START Source data

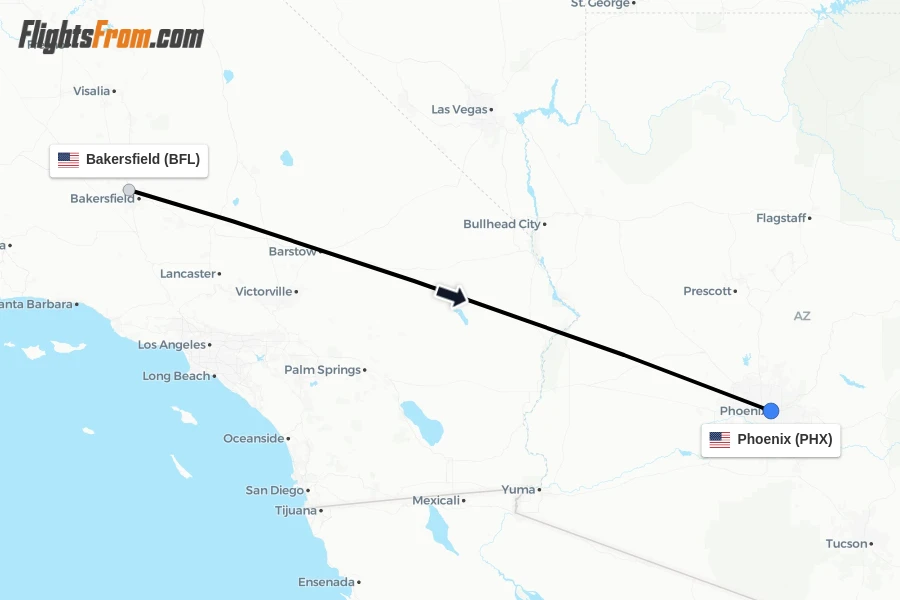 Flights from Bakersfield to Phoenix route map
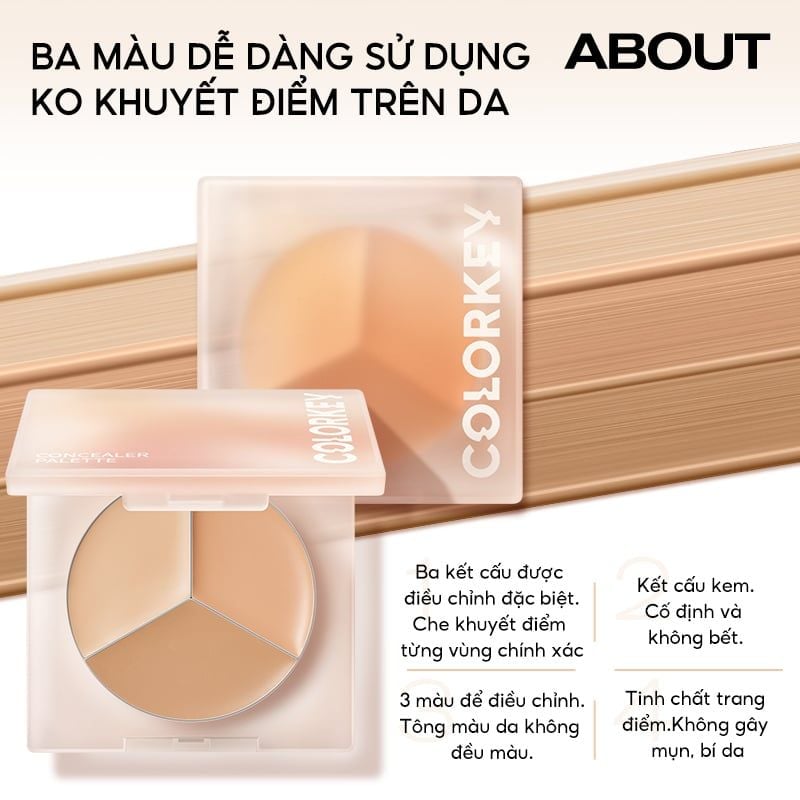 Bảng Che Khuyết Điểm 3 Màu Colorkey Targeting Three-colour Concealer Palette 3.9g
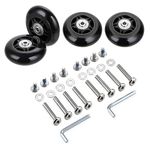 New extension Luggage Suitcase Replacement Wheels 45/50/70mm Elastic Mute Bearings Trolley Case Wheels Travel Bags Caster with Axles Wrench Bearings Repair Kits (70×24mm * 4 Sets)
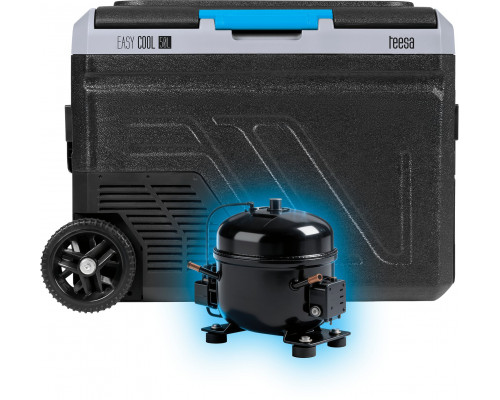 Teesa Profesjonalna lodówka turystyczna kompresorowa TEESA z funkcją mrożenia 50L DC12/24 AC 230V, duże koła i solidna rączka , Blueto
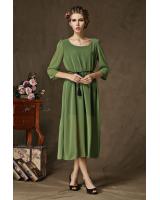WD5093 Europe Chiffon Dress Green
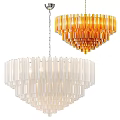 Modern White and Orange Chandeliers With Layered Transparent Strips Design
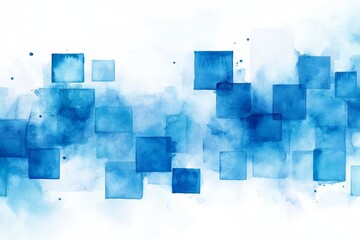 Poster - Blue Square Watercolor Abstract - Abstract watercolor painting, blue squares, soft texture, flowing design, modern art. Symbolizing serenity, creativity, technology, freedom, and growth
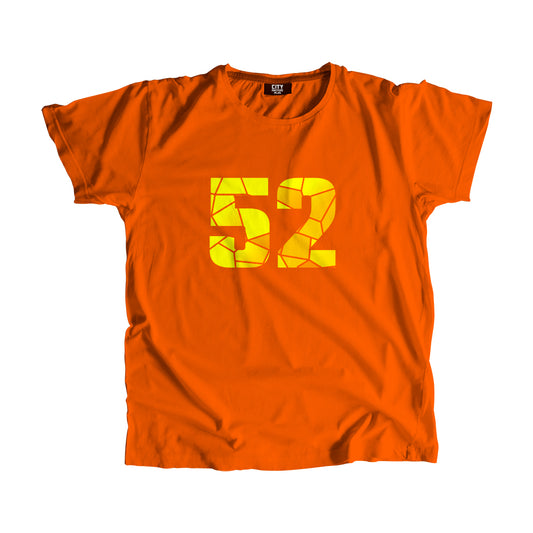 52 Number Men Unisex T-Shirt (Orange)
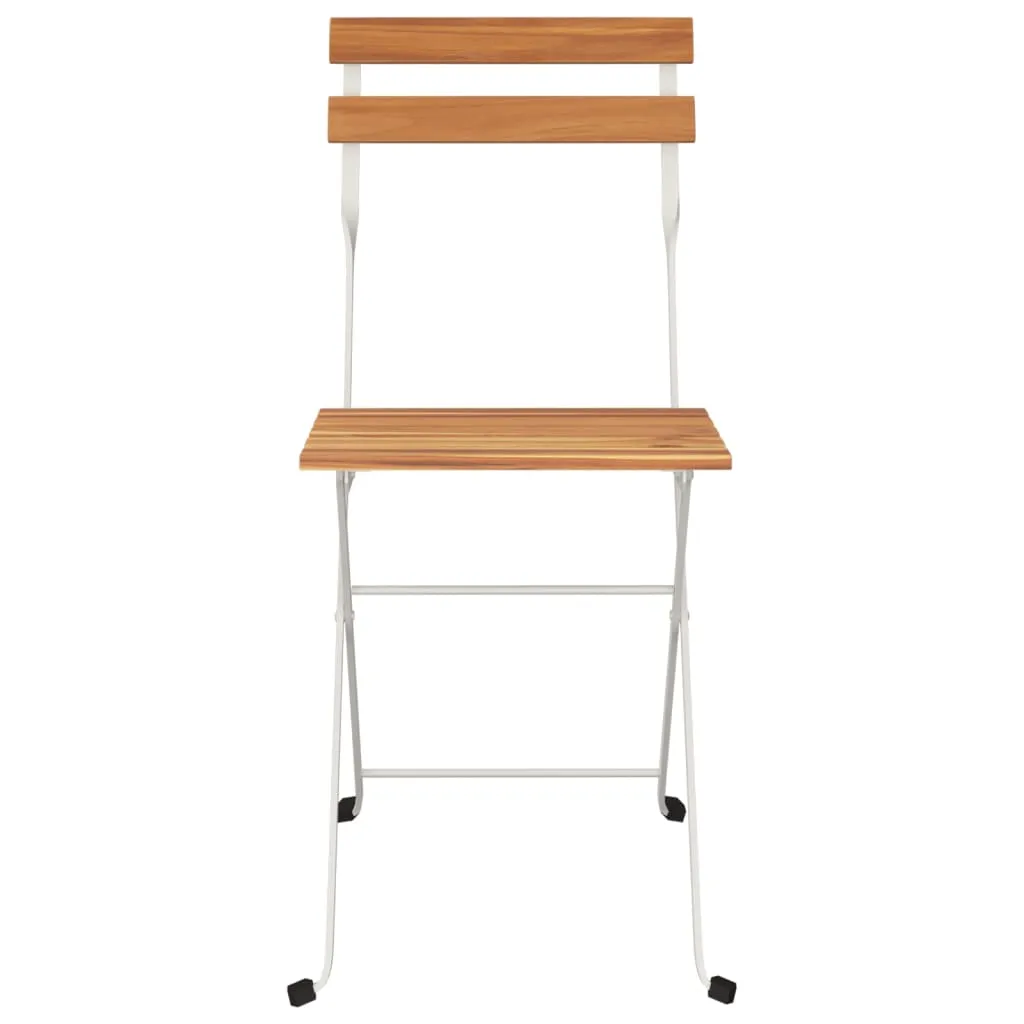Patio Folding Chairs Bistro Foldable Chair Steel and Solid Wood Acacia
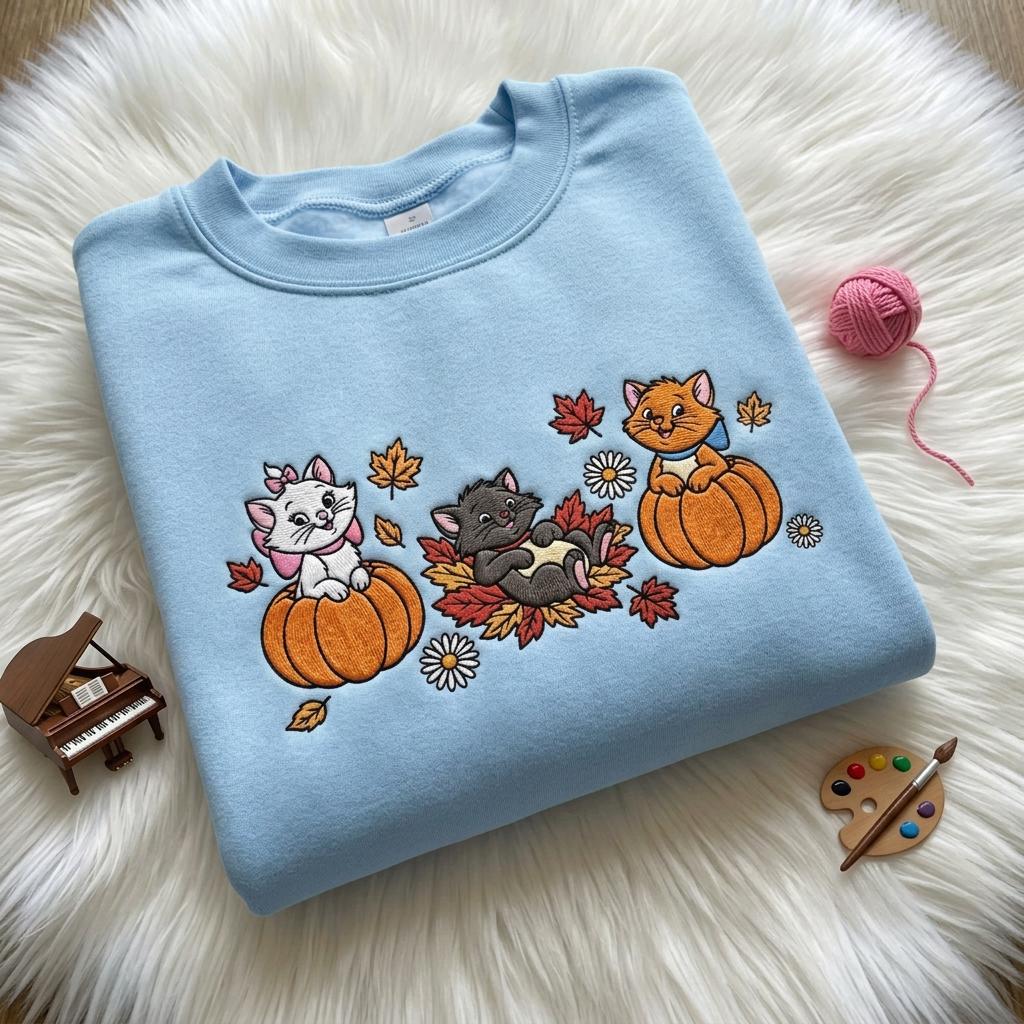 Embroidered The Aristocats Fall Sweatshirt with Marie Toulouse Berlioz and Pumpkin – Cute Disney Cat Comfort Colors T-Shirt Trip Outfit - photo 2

END Source data
START Source data

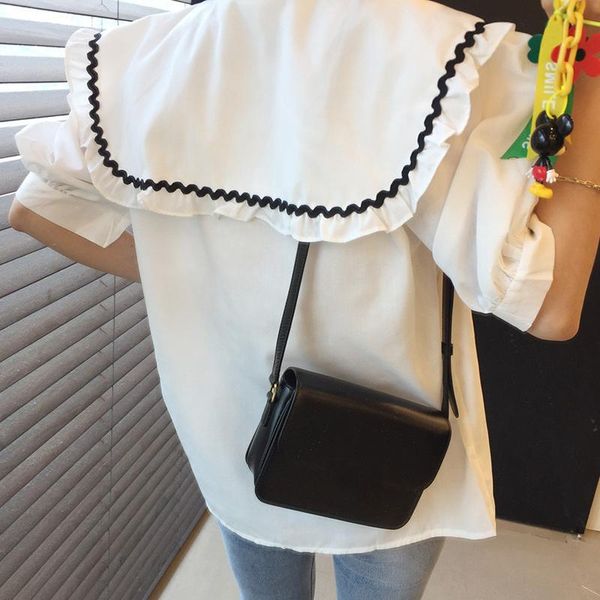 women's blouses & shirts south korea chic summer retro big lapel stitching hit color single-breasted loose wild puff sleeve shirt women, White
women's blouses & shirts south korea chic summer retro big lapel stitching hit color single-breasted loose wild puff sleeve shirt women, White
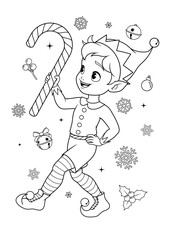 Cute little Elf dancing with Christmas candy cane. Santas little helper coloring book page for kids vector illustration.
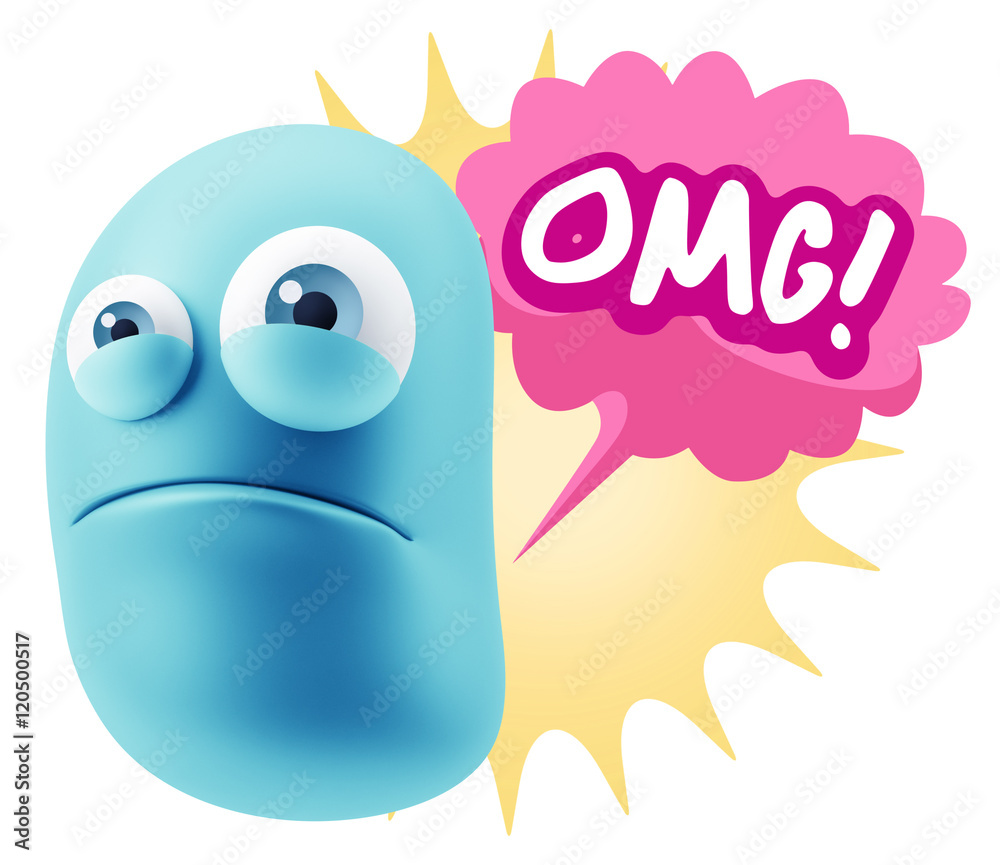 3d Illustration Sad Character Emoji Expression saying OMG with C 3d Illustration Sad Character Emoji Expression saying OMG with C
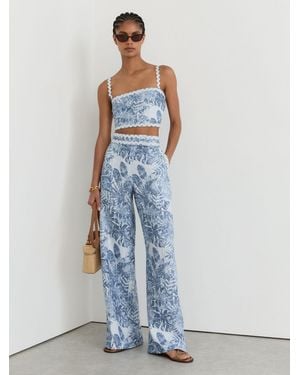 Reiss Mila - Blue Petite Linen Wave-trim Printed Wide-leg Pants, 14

END Source data

_Brief_.
Copy only the lines above from the one containing "Flights from Bakersfield" through the one containing "Modern White and", both included. Leave out the pictures.

_Task solution_.
 Flights from Bakersfield to Phoenix route map
 Bảng Che Khuyết Điểm 3 Màu Colorkey Targeting Three-colour Concealer Palette 3.9g
 New extension Luggage Suitcase Replacement Wheels 45/50/70mm Elastic Mute Bearings Trolley Case Wheels Travel Bags Caster with Axles Wrench Bearings Repair Kits (70×24mm * 4 Sets)
 Teesa Profesjonalna lodówka turystyczna kompresorowa TEESA z funkcją mrożenia 50L DC12/24 AC 230V, duże koła i solidna rączka , Blueto
WD5093 Europe Chiffon Dress Green
 Modern White and Orange Chandeliers With Layered Transparent Strips Design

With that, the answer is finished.